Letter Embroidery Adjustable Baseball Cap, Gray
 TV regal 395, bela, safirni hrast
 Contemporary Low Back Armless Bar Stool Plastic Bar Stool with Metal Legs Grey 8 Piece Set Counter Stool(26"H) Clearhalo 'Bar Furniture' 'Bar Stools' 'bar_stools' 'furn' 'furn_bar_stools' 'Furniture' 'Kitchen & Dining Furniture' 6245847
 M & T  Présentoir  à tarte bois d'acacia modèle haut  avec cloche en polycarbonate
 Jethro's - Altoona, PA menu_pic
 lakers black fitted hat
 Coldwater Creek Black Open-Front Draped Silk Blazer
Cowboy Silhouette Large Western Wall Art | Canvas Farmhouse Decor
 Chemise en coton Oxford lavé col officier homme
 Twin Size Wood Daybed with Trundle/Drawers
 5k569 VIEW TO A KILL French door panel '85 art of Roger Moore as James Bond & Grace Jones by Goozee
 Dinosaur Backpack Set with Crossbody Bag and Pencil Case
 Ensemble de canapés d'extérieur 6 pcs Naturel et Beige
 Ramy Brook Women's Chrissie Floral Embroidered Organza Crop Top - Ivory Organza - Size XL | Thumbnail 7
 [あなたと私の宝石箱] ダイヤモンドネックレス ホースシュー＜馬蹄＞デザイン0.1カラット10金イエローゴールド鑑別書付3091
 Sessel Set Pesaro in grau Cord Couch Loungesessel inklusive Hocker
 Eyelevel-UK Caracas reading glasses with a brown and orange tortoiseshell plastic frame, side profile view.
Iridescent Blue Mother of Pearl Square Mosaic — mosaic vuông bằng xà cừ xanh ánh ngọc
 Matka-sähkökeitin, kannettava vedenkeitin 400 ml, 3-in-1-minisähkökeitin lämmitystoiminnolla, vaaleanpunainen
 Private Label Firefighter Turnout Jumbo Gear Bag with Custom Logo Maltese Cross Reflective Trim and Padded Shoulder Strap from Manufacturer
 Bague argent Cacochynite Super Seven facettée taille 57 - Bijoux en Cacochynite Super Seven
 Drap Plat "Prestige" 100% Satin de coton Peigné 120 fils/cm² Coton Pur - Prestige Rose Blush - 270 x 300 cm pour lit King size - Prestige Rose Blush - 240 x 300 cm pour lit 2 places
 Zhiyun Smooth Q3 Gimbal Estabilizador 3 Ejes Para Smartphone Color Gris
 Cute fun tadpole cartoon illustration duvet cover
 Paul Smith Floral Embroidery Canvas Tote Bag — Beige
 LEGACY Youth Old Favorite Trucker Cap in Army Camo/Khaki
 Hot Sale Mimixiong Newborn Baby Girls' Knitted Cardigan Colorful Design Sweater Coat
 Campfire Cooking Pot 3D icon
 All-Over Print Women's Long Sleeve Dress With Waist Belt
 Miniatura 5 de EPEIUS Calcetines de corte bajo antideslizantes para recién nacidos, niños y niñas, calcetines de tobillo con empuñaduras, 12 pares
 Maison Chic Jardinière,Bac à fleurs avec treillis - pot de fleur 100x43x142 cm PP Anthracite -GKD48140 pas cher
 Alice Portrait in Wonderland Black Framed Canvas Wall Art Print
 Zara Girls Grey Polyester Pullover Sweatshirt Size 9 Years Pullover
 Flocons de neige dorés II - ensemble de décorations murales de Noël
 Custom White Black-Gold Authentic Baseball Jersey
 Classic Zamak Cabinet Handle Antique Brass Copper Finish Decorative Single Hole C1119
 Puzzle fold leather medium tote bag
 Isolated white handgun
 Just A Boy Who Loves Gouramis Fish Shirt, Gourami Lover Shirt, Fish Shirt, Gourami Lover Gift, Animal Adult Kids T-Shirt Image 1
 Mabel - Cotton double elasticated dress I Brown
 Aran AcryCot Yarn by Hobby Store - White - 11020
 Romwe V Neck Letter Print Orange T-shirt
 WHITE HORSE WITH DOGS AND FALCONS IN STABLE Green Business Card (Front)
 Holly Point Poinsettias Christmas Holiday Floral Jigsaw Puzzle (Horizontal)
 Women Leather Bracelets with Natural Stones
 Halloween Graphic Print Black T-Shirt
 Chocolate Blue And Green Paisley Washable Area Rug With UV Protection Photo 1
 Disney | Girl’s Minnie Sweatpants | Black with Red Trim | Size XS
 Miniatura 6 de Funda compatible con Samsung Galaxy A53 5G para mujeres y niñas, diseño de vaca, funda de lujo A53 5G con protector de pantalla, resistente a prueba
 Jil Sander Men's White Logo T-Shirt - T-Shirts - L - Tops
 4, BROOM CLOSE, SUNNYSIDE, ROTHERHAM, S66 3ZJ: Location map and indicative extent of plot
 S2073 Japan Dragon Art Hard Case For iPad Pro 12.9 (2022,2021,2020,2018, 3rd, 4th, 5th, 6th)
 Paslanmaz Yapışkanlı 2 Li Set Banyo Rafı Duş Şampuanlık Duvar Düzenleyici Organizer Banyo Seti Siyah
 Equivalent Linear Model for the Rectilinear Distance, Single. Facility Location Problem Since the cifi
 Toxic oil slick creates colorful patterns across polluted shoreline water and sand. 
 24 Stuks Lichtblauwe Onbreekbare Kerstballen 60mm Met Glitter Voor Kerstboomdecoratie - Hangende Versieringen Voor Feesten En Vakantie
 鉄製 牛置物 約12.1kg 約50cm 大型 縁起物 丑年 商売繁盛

# What you are asked to do
Reproduce all of the data exactly as given.

# Exercise output
Letter Embroidery Adjustable Baseball Cap, Gray
 TV regal 395, bela, safirni hrast
 Contemporary Low Back Armless Bar Stool Plastic Bar Stool with Metal Legs Grey 8 Piece Set Counter Stool(26"H) Clearhalo 'Bar Furniture' 'Bar Stools' 'bar_stools' 'furn' 'furn_bar_stools' 'Furniture' 'Kitchen & Dining Furniture' 6245847
 M & T  Présentoir  à tarte bois d'acacia modèle haut  avec cloche en polycarbonate
 Jethro's - Altoona, PA menu_pic
 lakers black fitted hat
 Coldwater Creek Black Open-Front Draped Silk Blazer
Cowboy Silhouette Large Western Wall Art | Canvas Farmhouse Decor
 Chemise en coton Oxford lavé col officier homme
 Twin Size Wood Daybed with Trundle/Drawers
 5k569 VIEW TO A KILL French door panel '85 art of Roger Moore as James Bond & Grace Jones by Goozee
 Dinosaur Backpack Set with Crossbody Bag and Pencil Case
 Ensemble de canapés d'extérieur 6 pcs Naturel et Beige
 Ramy Brook Women's Chrissie Floral Embroidered Organza Crop Top - Ivory Organza - Size XL | Thumbnail 7
 [あなたと私の宝石箱] ダイヤモンドネックレス ホースシュー＜馬蹄＞デザイン0.1カラット10金イエローゴールド鑑別書付3091
 Sessel Set Pesaro in grau Cord Couch Loungesessel inklusive Hocker
 Eyelevel-UK Caracas reading glasses with a brown and orange tortoiseshell plastic frame, side profile view.
Iridescent Blue Mother of Pearl Square Mosaic — mosaic vuông bằng xà cừ xanh ánh ngọc
 Matka-sähkökeitin, kannettava vedenkeitin 400 ml, 3-in-1-minisähkökeitin lämmitystoiminnolla, vaaleanpunainen
 Private Label Firefighter Turnout Jumbo Gear Bag with Custom Logo Maltese Cross Reflective Trim and Padded Shoulder Strap from Manufacturer
 Bague argent Cacochynite Super Seven facettée taille 57 - Bijoux en Cacochynite Super Seven
 Drap Plat "Prestige" 100% Satin de coton Peigné 120 fils/cm² Coton Pur - Prestige Rose Blush - 270 x 300 cm pour lit King size - Prestige Rose Blush - 240 x 300 cm pour lit 2 places
 Zhiyun Smooth Q3 Gimbal Estabilizador 3 Ejes Para Smartphone Color Gris
 Cute fun tadpole cartoon illustration duvet cover
 Paul Smith Floral Embroidery Canvas Tote Bag — Beige
 LEGACY Youth Old Favorite Trucker Cap in Army Camo/Khaki
 Hot Sale Mimixiong Newborn Baby Girls' Knitted Cardigan Colorful Design Sweater Coat
 Campfire Cooking Pot 3D icon
 All-Over Print Women's Long Sleeve Dress With Waist Belt
 Miniatura 5 de EPEIUS Calcetines de corte bajo antideslizantes para recién nacidos, niños y niñas, calcetines de tobillo con empuñaduras, 12 pares
 Maison Chic Jardinière,Bac à fleurs avec treillis - pot de fleur 100x43x142 cm PP Anthracite -GKD48140 pas cher
 Alice Portrait in Wonderland Black Framed Canvas Wall Art Print
 Zara Girls Grey Polyester Pullover Sweatshirt Size 9 Years Pullover
 Flocons de neige dorés II - ensemble de décorations murales de Noël
 Custom White Black-Gold Authentic Baseball Jersey
 Classic Zamak Cabinet Handle Antique Brass Copper Finish Decorative Single Hole C1119
 Puzzle fold leather medium tote bag
 Isolated white handgun
 Just A Boy Who Loves Gouramis Fish Shirt, Gourami Lover Shirt, Fish Shirt, Gourami Lover Gift, Animal Adult Kids T-Shirt Image 1
 Mabel - Cotton double elasticated dress I Brown
 Aran AcryCot Yarn by Hobby Store - White - 11020
 Romwe V Neck Letter Print Orange T-shirt
 WHITE HORSE WITH DOGS AND FALCONS IN STABLE Green Business Card (Front)
 Holly Point Poinsettias Christmas Holiday Floral Jigsaw Puzzle (Horizontal)
 Women Leather Bracelets with Natural Stones
 Halloween Graphic Print Black T-Shirt
 Chocolate Blue And Green Paisley Washable Area Rug With UV Protection Photo 1
 Disney | Girl’s Minnie Sweatpants | Black with Red Trim | Size XS
 Miniatura 6 de Funda compatible con Samsung Galaxy A53 5G para mujeres y niñas, diseño de vaca, funda de lujo A53 5G con protector de pantalla, resistente a prueba
 Jil Sander Men's White Logo T-Shirt - T-Shirts - L - Tops
 4, BROOM CLOSE, SUNNYSIDE, ROTHERHAM, S66 3ZJ: Location map and indicative extent of plot
 S2073 Japan Dragon Art Hard Case For iPad Pro 12.9 (2022,2021,2020,2018, 3rd, 4th, 5th, 6th)
 Paslanmaz Yapışkanlı 2 Li Set Banyo Rafı Duş Şampuanlık Duvar Düzenleyici Organizer Banyo Seti Siyah
 Equivalent Linear Model for the Rectilinear Distance, Single. Facility Location Problem Since the cifi
 Toxic oil slick creates colorful patterns across polluted shoreline water and sand. 
 24 Stuks Lichtblauwe Onbreekbare Kerstballen 60mm Met Glitter Voor Kerstboomdecoratie - Hangende Versieringen Voor Feesten En Vakantie
 鉄製 牛置物 約12.1kg 約50cm 大型 縁起物 丑年 商売繁盛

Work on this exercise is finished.